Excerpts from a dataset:
===

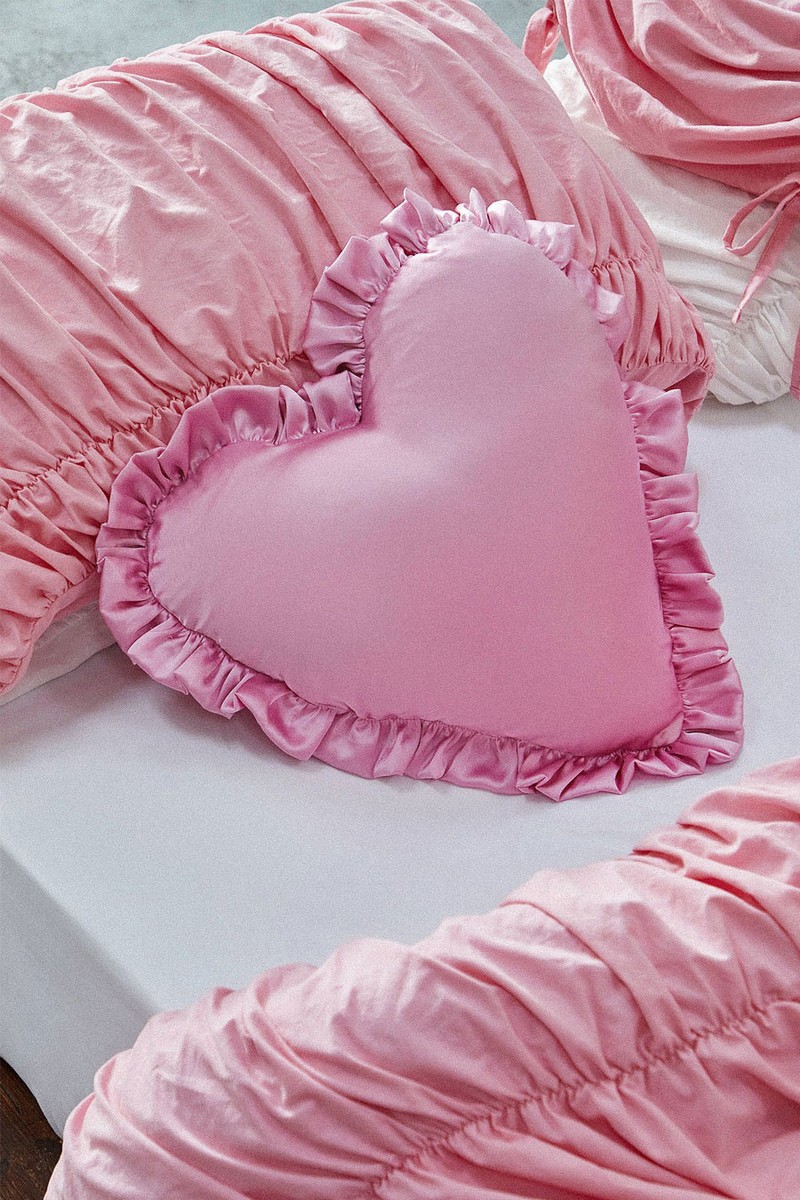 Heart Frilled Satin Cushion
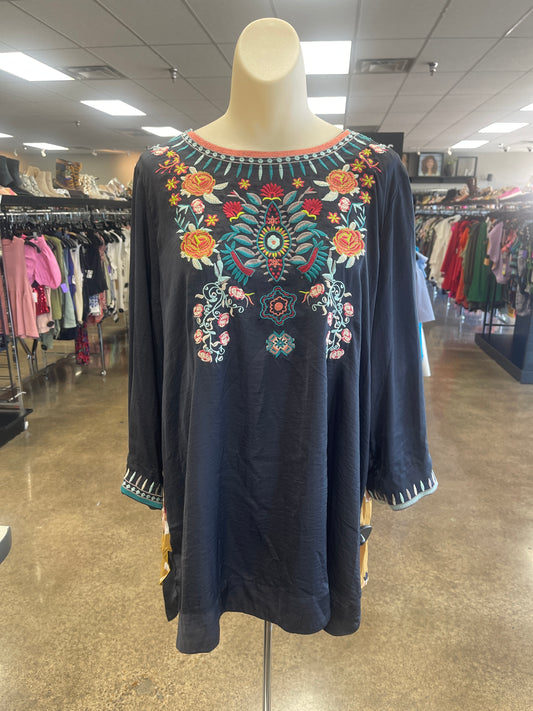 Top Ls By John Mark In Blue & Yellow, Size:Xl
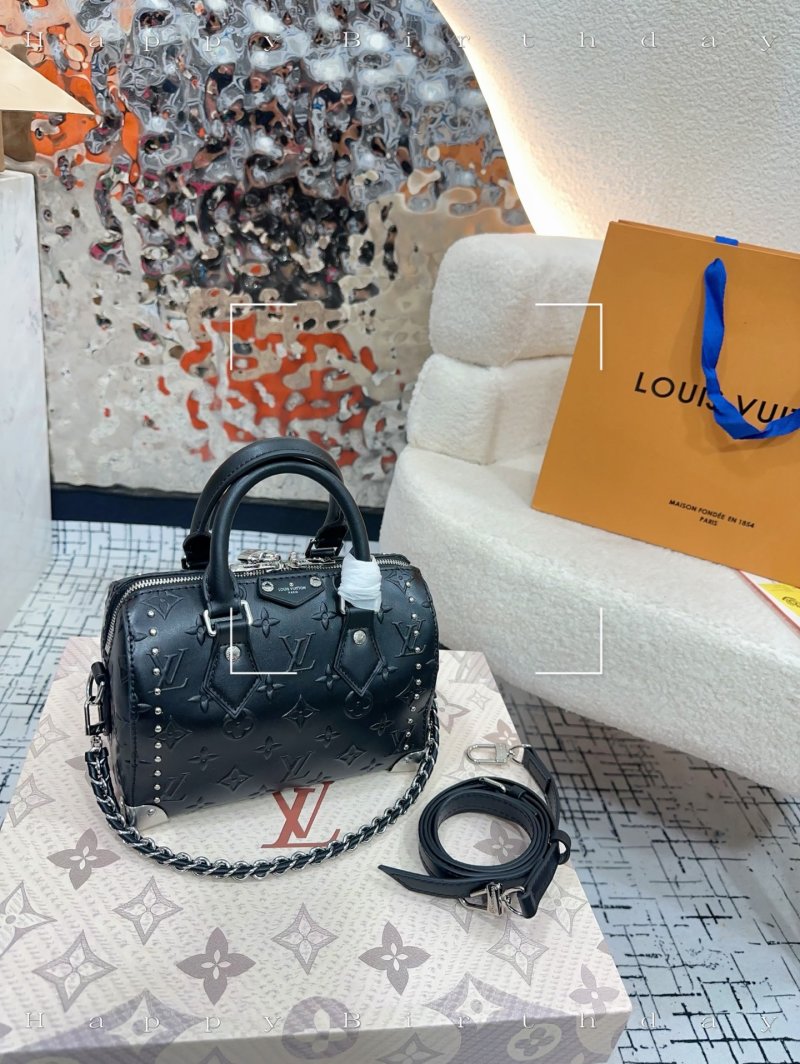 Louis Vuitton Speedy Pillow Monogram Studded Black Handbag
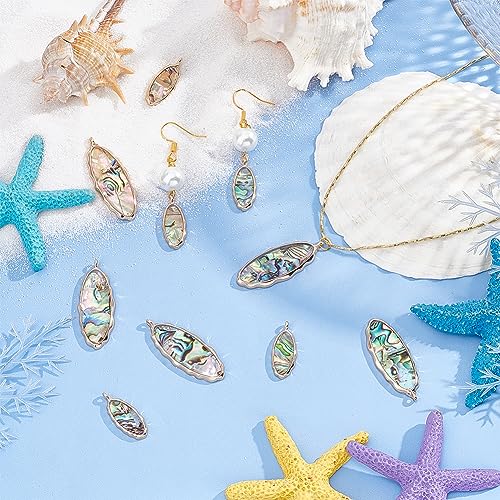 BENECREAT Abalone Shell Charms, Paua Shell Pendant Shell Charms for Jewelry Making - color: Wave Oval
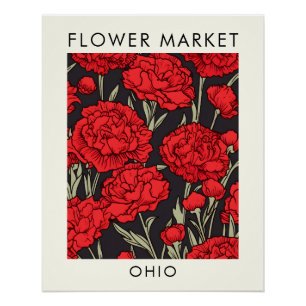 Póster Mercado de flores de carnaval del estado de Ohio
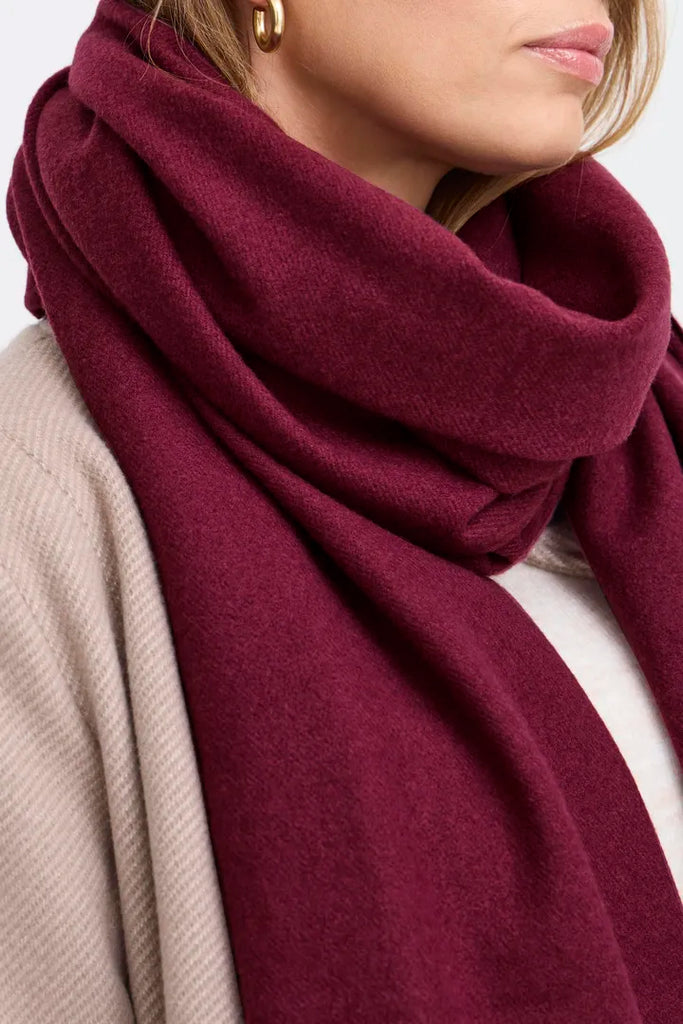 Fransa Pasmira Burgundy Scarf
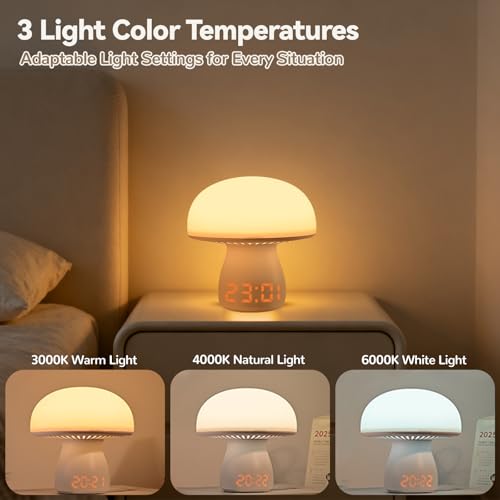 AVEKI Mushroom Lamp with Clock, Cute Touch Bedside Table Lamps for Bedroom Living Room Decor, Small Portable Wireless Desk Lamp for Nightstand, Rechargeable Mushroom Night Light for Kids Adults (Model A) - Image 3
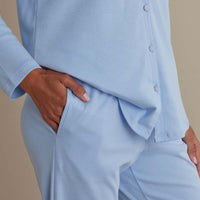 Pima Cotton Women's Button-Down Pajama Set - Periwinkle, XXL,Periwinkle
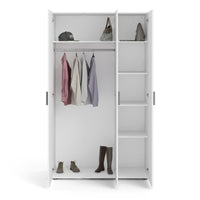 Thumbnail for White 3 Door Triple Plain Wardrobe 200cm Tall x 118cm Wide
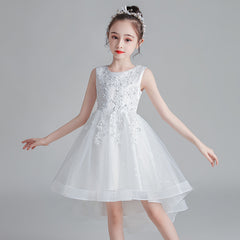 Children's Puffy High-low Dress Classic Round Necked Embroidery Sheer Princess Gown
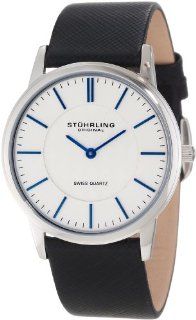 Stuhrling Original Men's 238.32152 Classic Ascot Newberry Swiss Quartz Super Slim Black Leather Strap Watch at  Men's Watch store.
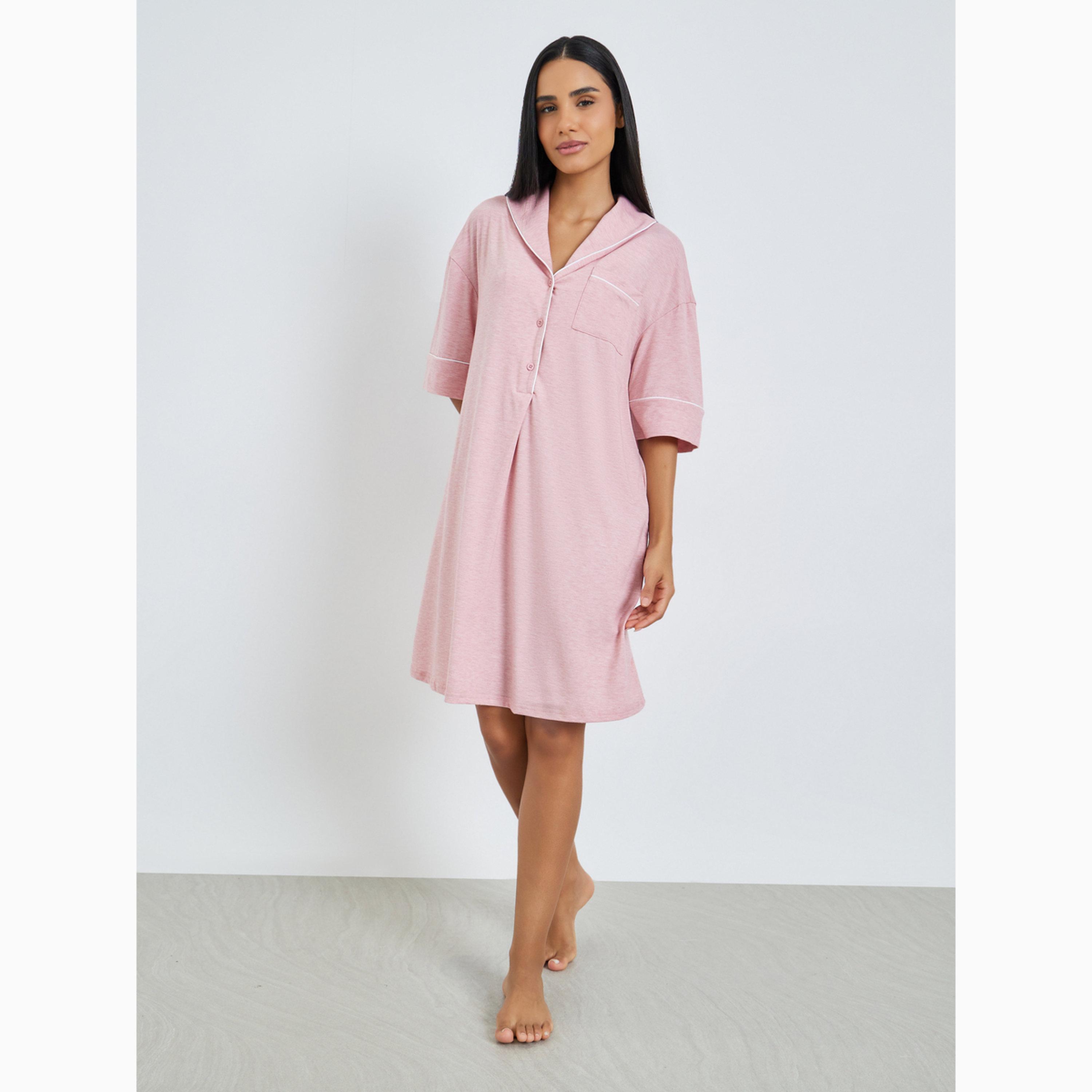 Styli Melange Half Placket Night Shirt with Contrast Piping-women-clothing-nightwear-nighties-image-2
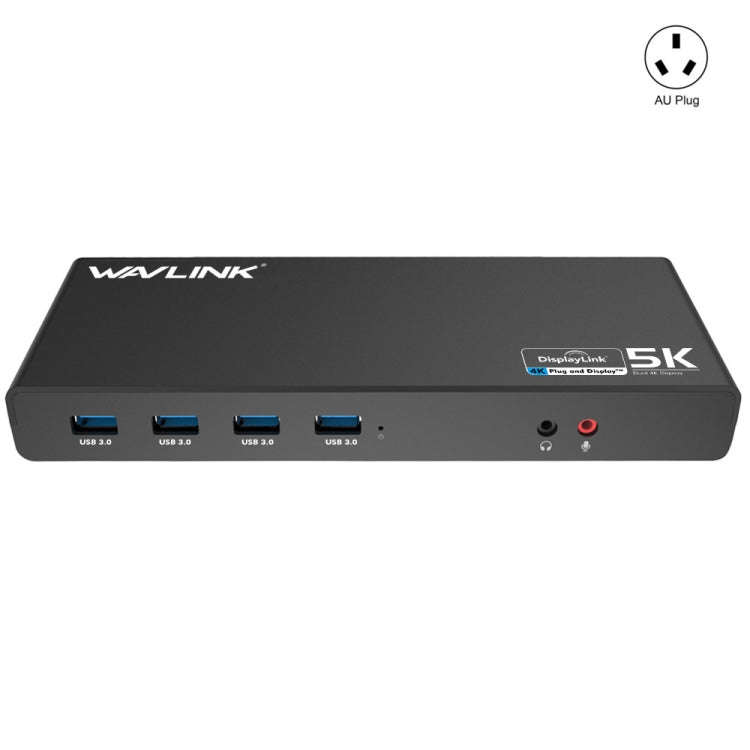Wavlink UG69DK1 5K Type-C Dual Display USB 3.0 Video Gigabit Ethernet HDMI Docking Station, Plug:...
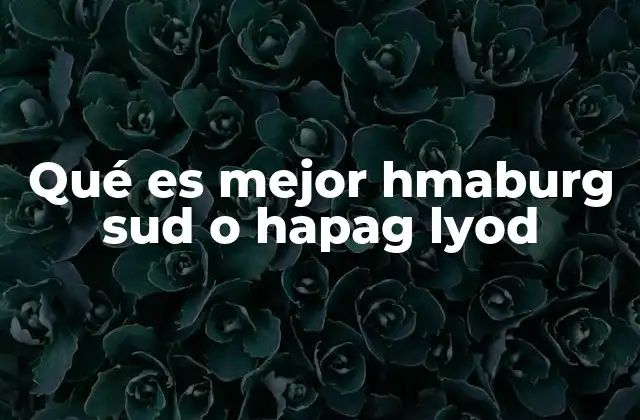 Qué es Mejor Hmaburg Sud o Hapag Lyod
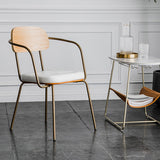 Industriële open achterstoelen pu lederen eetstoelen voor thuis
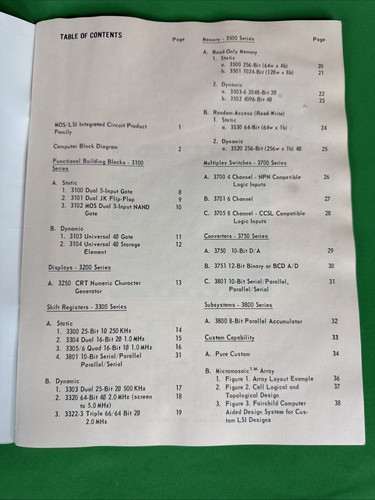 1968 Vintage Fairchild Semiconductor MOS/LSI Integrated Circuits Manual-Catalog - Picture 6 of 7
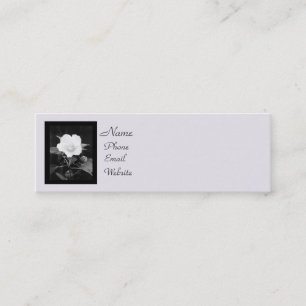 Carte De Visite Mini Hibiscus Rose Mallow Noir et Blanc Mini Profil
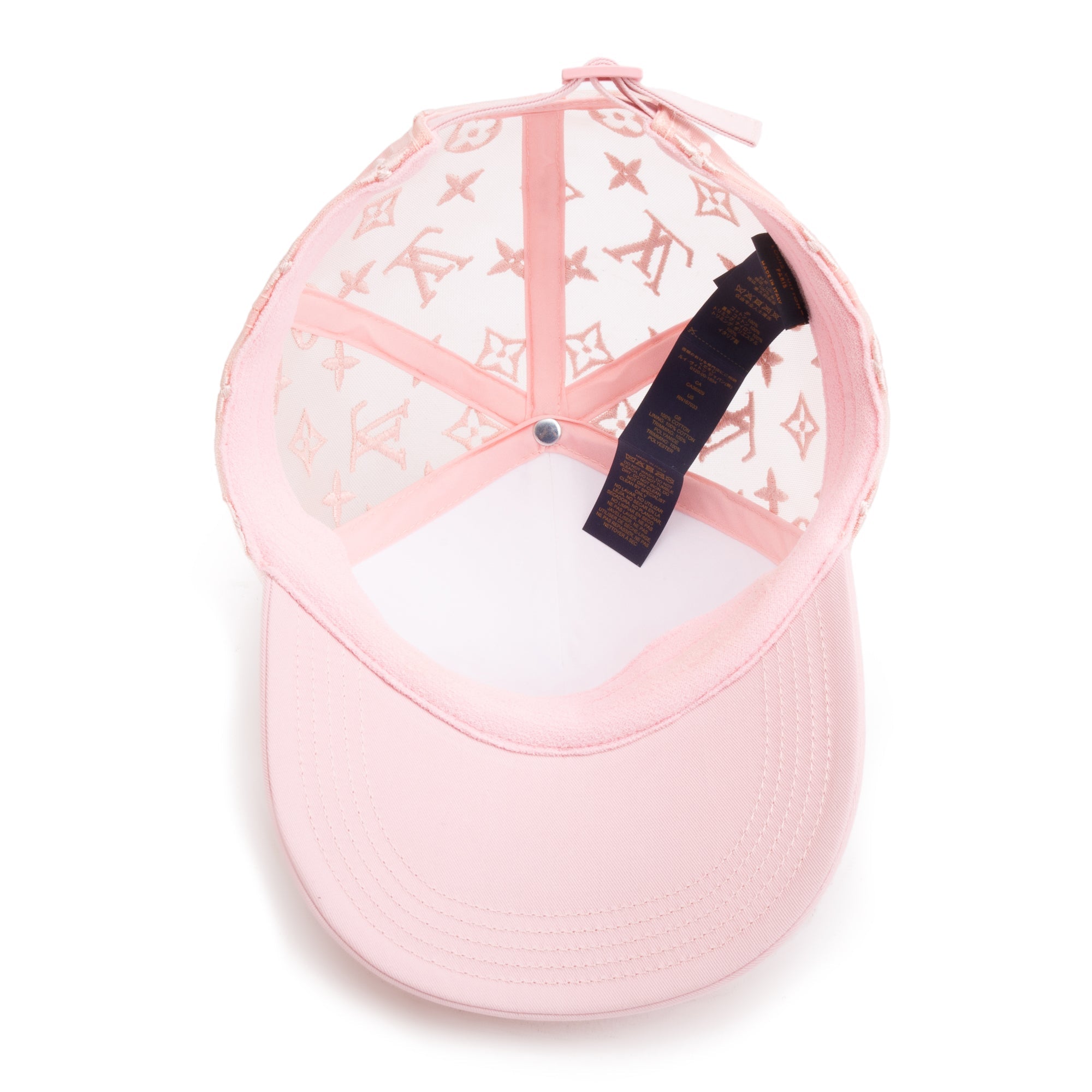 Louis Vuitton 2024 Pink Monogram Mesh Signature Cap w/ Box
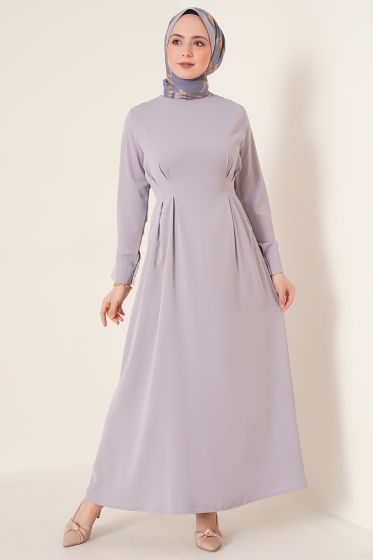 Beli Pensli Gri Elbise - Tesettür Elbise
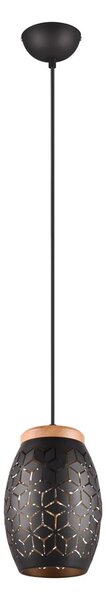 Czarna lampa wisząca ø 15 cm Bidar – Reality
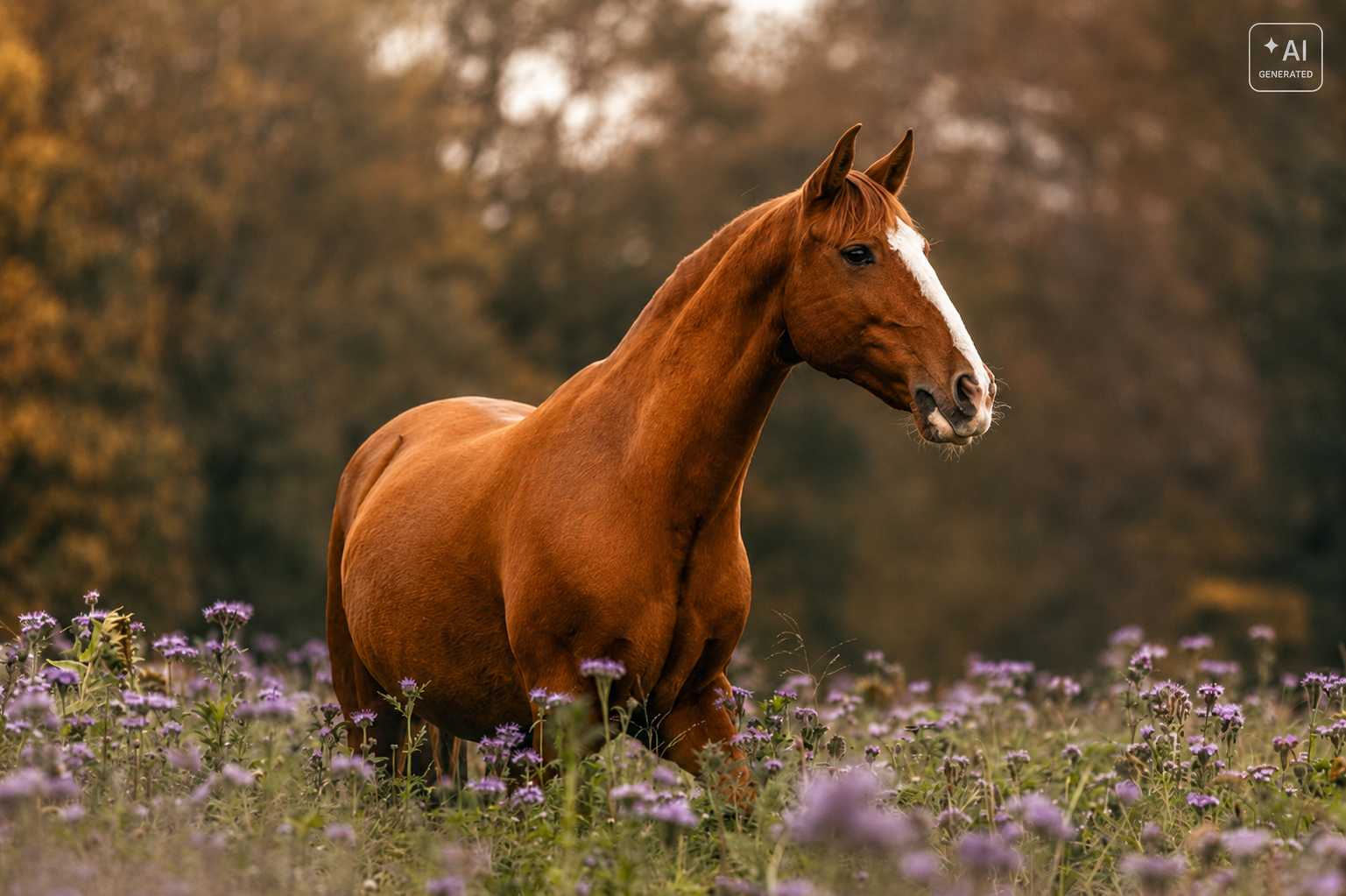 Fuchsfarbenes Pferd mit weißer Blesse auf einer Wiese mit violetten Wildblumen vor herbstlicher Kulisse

===

Activity:
Output the lines above verbatim, images excluded.

Response to the exercise:
 Heart Frilled Satin Cushion
 Top Ls By John Mark In Blue & Yellow, Size:Xl
 Louis Vuitton Speedy Pillow Monogram Studded Black Handbag
 BENECREAT Abalone Shell Charms, Paua Shell Pendant Shell Charms for Jewelry Making - color: Wave Oval
 Póster Mercado de flores de carnaval del estado de Ohio
 Fransa Pasmira Burgundy Scarf
 AVEKI Mushroom Lamp with Clock, Cute Touch Bedside Table Lamps for Bedroom Living Room Decor, Small Portable Wireless Desk Lamp for Nightstand, Rechargeable Mushroom Night Light for Kids Adults (Model A) - Image 3
 Pima Cotton Women's Button-Down Pajama Set - Periwinkle, XXL,Periwinkle
 Thumbnail for White 3 Door Triple Plain Wardrobe 200cm Tall x 118cm Wide
 Children's Puffy High-low Dress Classic Round Necked Embroidery Sheer Princess Gown
 Stuhrling Original Men's 238.32152 Classic Ascot Newberry Swiss Quartz Super Slim Black Leather Strap Watch at  Men's Watch store.
 Styli Melange Half Placket Night Shirt with Contrast Piping-women-clothing-nightwear-nighties-image-2
Wavlink UG69DK1 5K Type-C Dual Display USB 3.0 Video Gigabit Ethernet HDMI Docking Station, Plug:...
 Qué es Mejor Hmaburg Sud o Hapag Lyod
 Industriële open achterstoelen pu lederen eetstoelen voor thuis
 1968 Vintage Fairchild Semiconductor MOS/LSI Integrated Circuits Manual-Catalog - Picture 6 of 7
 Carte De Visite Mini Hibiscus Rose Mallow Noir et Blanc Mini Profil
 Louis Vuitton 2024 Pink Monogram Mesh Signature Cap w/ Box
 Beli Pensli Gri Elbise - Tesettür Elbise
 Czarna lampa wisząca ø 15 cm Bidar – Reality
 Fuchsfarbenes Pferd mit weißer Blesse auf einer Wiese mit violetten Wildblumen vor herbstlicher Kulisse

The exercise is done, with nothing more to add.